**WHAT YOU SHOULD DO:** Print each entry word for word without images.

*** Block opens ***

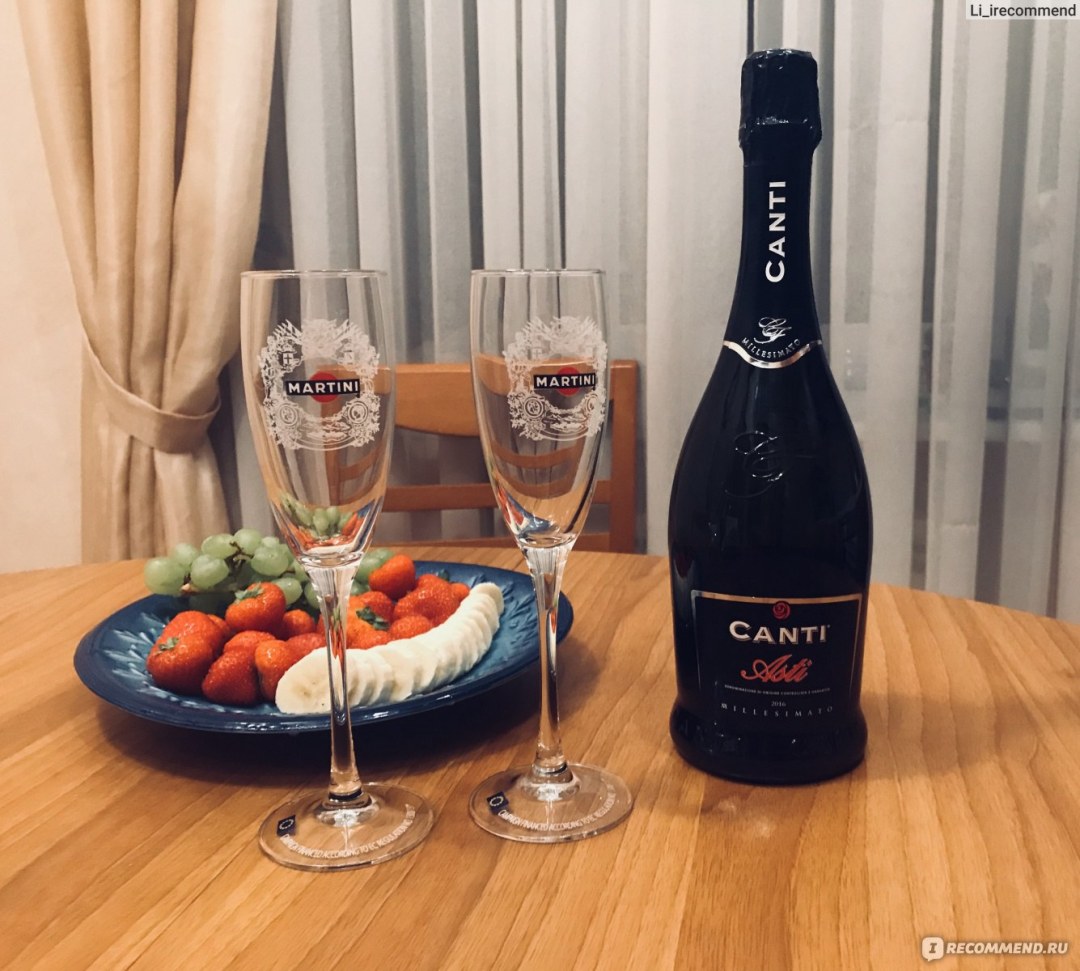 Beber vino de sodio martini sexo 10% 0.25l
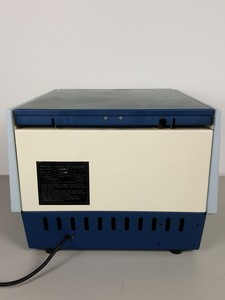 Thumbnail image of MSE Centaur 2 Benchtop Laboratory Centrifuge + 4500rpm Rotor Lab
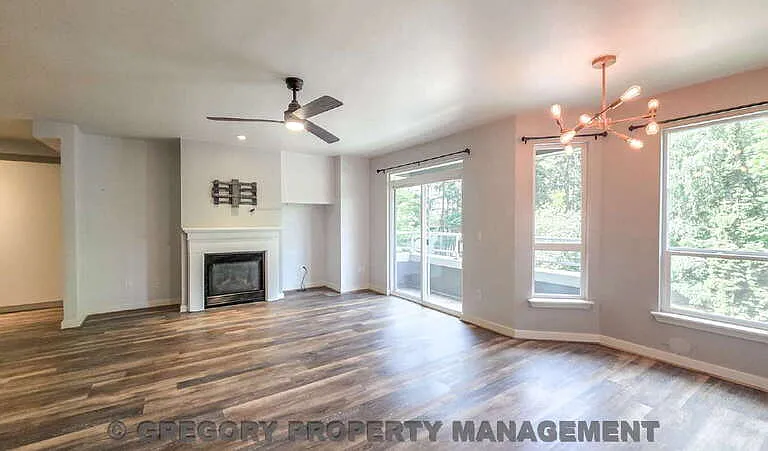 925 110th Ave NE #306 — Photo 18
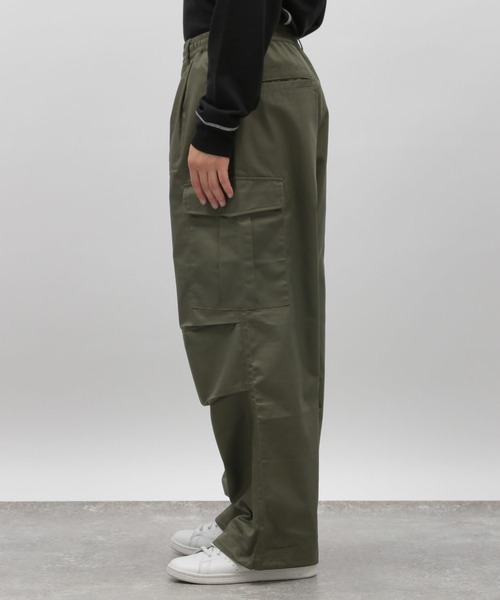 LAKOLE（ラコレ）の「TCツイルワイドカーゴパンツ / 970519（カーゴパンツ・メンズ・オリーブ/グレー/ブラック・MEDIUM/LARGE/X-LARGE）」の15枚目の写真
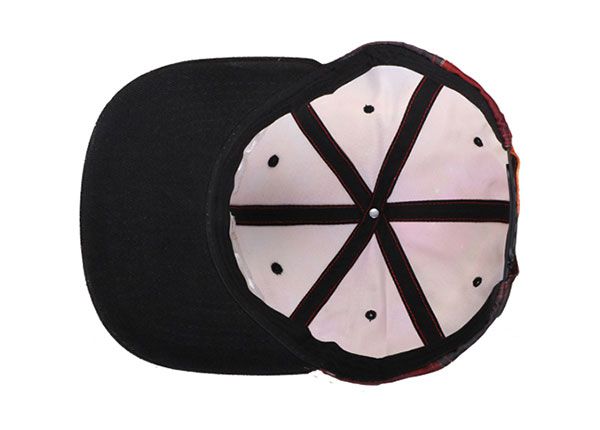 Внутри оранжевые и черные бейсболки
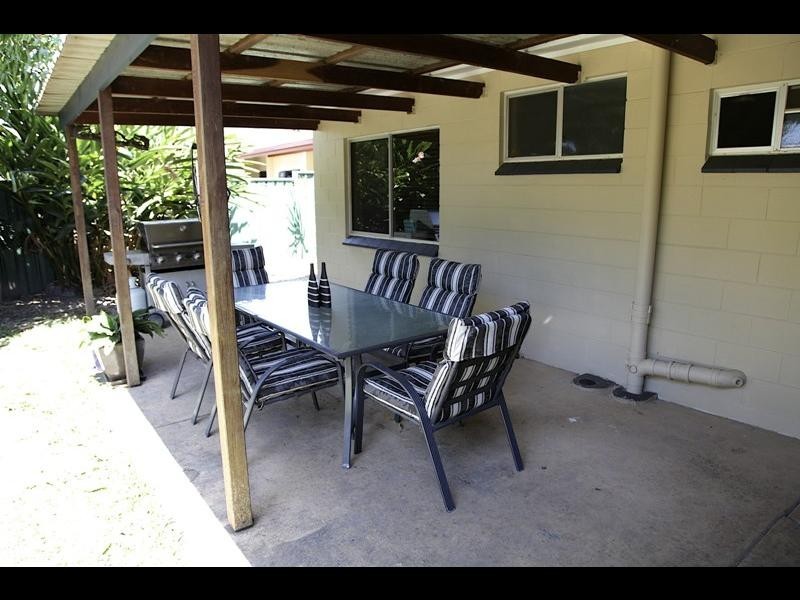 145 Trinity Beach Road, Trinity Beach QLD 4879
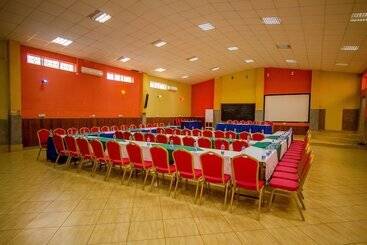هتل Royal Minni Inn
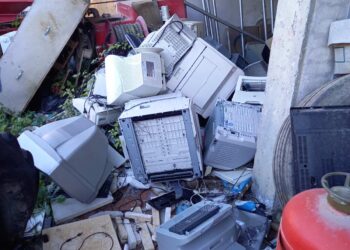 ΔΗΜΟΣ ΑΡΧΑΙΑΣ ΟΛΥΜΠΙΑΣ: Καθαρίστηκε ο χώρος του Αμαξοστασίου (φωτος)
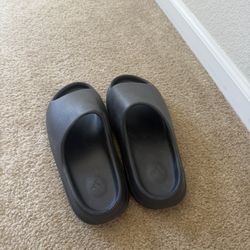 Onyx Yeezy Slides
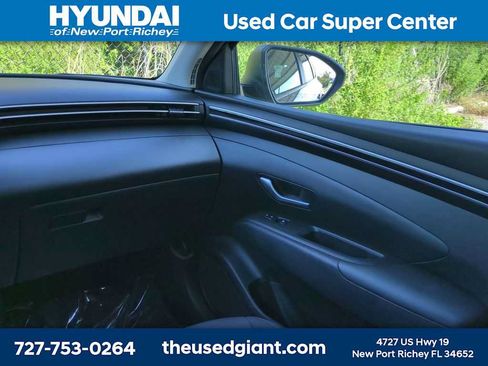 Certified 2023 Hyundai Tucson SE FWD image 15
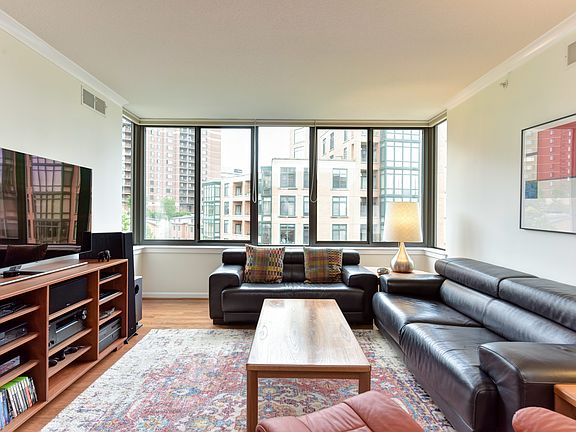 2nd image of 2220 Fairfax Dr APT 606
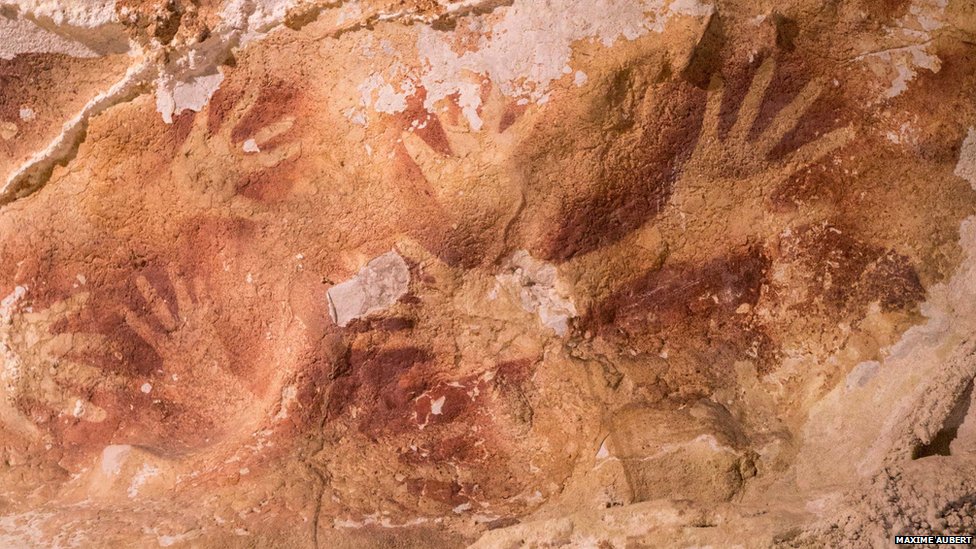 Cave paintings change ideas about the origin of art _77908099_handprint1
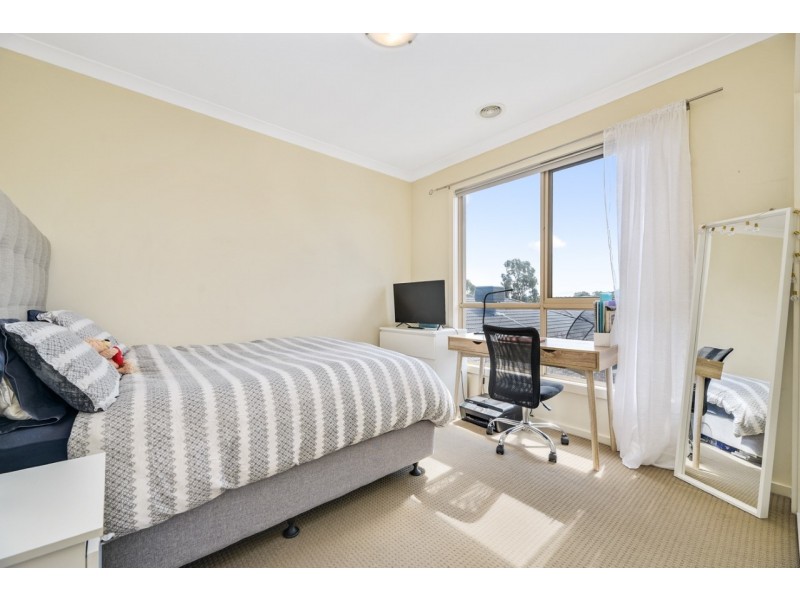 1/12-14 Kingsfield Crescent, Lynbrook VIC 3975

*** Block closes ***

**EXERCISE SOLUTION:**
 Beber vino de sodio martini sexo 10% 0.25l
 Thumbnail image of MSE Centaur 2 Benchtop Laboratory Centrifuge + 4500rpm Rotor Lab
 925 110th Ave NE #306 — Photo 18
 LAKOLE（ラコレ）の「TCツイルワイドカーゴパンツ / 970519（カーゴパンツ・メンズ・オリーブ/グレー/ブラック・MEDIUM/LARGE/X-LARGE）」の15枚目の写真
 Внутри оранжевые и черные бейсболки
 145 Trinity Beach Road, Trinity Beach QLD 4879
هتل Royal Minni Inn
 ΔΗΜΟΣ ΑΡΧΑΙΑΣ ΟΛΥΜΠΙΑΣ: Καθαρίστηκε ο χώρος του Αμαξοστασίου (φωτος)
 Onyx Yeezy Slides
 Certified 2023 Hyundai Tucson SE FWD image 15
 2nd image of 2220 Fairfax Dr APT 606
 Cave paintings change ideas about the origin of art _77908099_handprint1
 1/12-14 Kingsfield Crescent, Lynbrook VIC 3975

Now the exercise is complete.